The drive from England’s south coast to Hexham in Northumberland is a long one but what does that matter? it was for live jazz after all. This was, I believe, the second jazz festival held in Hexham and was made possible with collaboration with Hampstead Jazz Club. The event was spread over three evenings with the Friday and Saturday making use of Hexham Abbey, and The Queen’s Hall on the Sunday. Jazz FM’s Nigel Williams was our MC for the first two dates as well as playing a late night DJ session to end Saturday evening.
The event began with an apt suite in nine sections inspired the The Lindisfarne Gospels. The music, a mix of jazz, contemporary classical and folk music, was written by Musical Director Paul Edis. Paul, from the piano, led the Ushaw ensemble: Andy May (Northumbrian pipes), Graham Hardy (trumpet/flugel), Graeme Wilson (tenor sax/bass clarinet/flute), Emma Fisk (violin), Rob Walker (drums), Paul Susans (double bass).

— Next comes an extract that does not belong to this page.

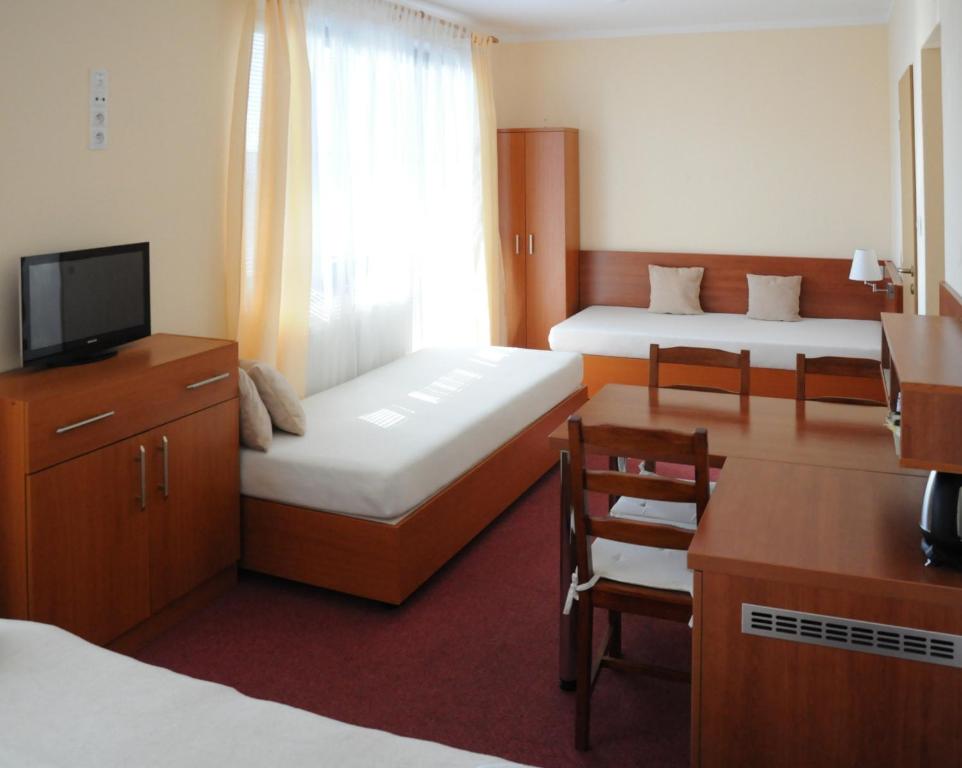 Postel nebo postele na pokoji v ubytování Penzion Panorama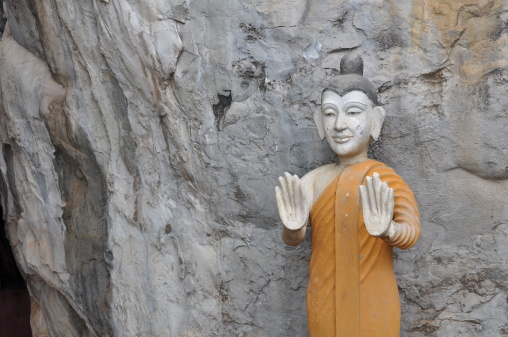 Standing buddha image on limestone background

The sound produced really was quite something and not easily described in the words but the effect was mesmerizing, thought provoking, and emotive – you can hear this group on Ushaw Ensemble Volume I CD.

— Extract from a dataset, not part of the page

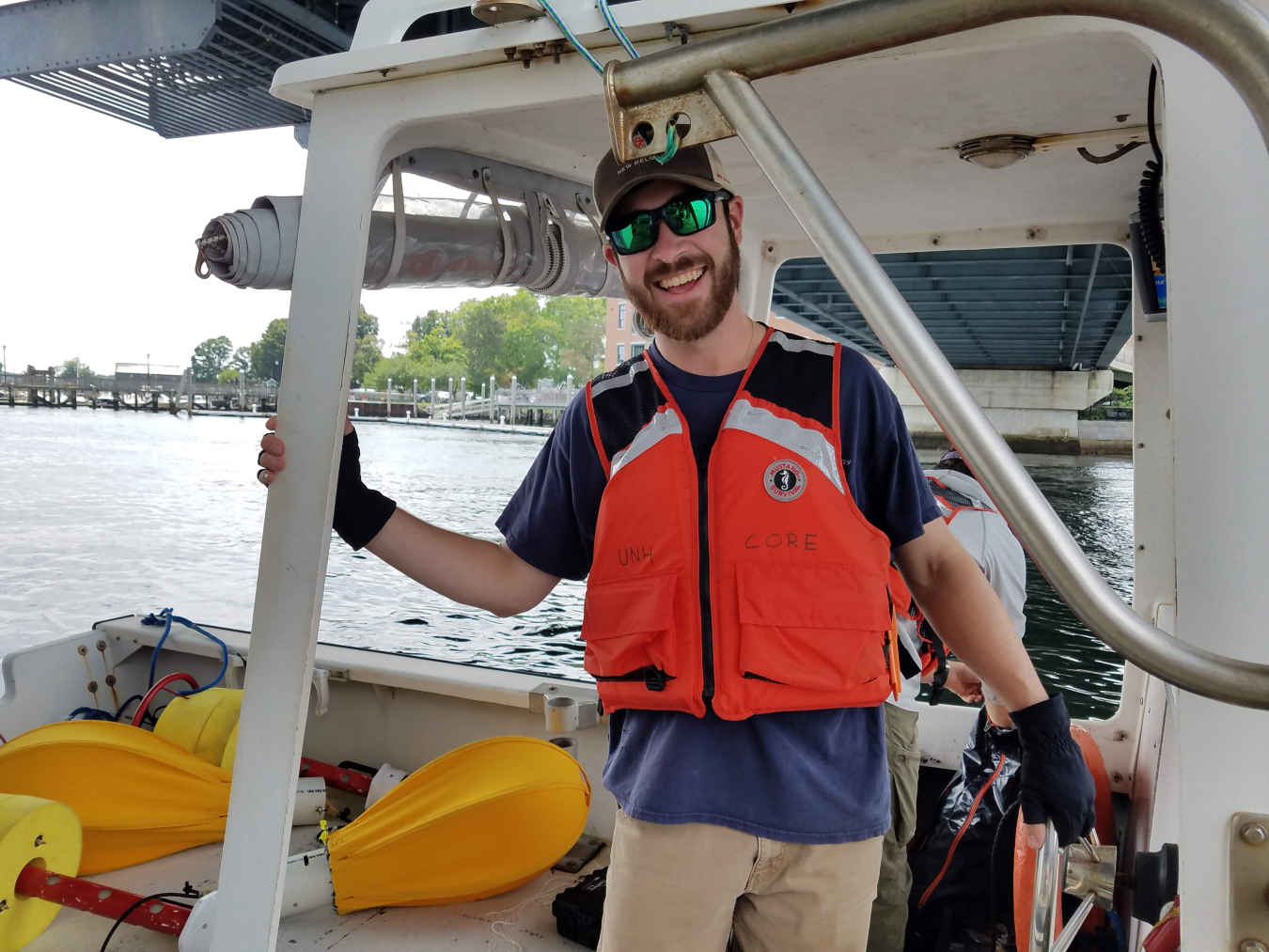 Patrick O'Byrne smiles as he stands at the wheel of a small boat under a bridge in the middle of a river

The second set of the evening was billed as ‘An Evening With Rachel Sutton’. Her rich, emotive voice and theatrical stage presence make her a fine interpreter of classic jazz standards and contemporary music. Somehow managing to make each song she sings sound as if it’s a page lifted from her own diary, her debut studio album, A Million Conversations was dubbed ‘a revelation’ by the highly respected London Jazz News. Together with her top-notch trio – Roland Perrin (piano), Andy Champion (bass), Steve Hanley (drums), she performed a selection of her own compositions alongside a generous helping of ageless Great American Songbook classics. Rachel had a very good stage presence and her rapport with the audience sounded confident. I liked what I heard, particularly her original material, and made a point of checking out her album when I got home.

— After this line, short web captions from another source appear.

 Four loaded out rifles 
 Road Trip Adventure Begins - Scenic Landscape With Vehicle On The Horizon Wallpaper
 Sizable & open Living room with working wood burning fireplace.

Vocalist Freddie Benedict backed by Paul Edis (piano), Emma Rawicz (saxophone), Andy Champion (bass), Steve Hanley (drums) opened the Saturday night performances. Freddie made his name as the lead singer of the National Youth Jazz Orchestra – but can also play trumpet, which he demonstrated later in his set. This was the first time I had had the opportunity to hear Emma Rawicz live and what a player she is! Freddie sang a mix of cool jazz standards and Brazilian sambas, some of which he wrote himself. His final number included making use of a recording loop machine on which he built a layers of vocal sounds before bringing in the band to take us through to the audience participated final section – the effect was quite impressive.
Another vocalist, Jo Harrop, was Saturday’s headline act with the same backing band Freddie had used. Much of this music I had heard at the Boulevard Soho for the album launch for When Winter Turns To Spring, which also included alongside songs from her previous LPs – Weathering The Storm and The Heart Wants. The big difference here was that the string ensemble that played in London was replaced by Emma Rawicz and that completely changed the sound profile and I loved it! Jo Harrop is a terrific vocalist with wonderful phrasing and a genuine sounding connection to the emotional content of what she is singing. There was a duet with Freddie Benedict and it was good to hear the contrasting vocal styles from two singers who had connected with their audience.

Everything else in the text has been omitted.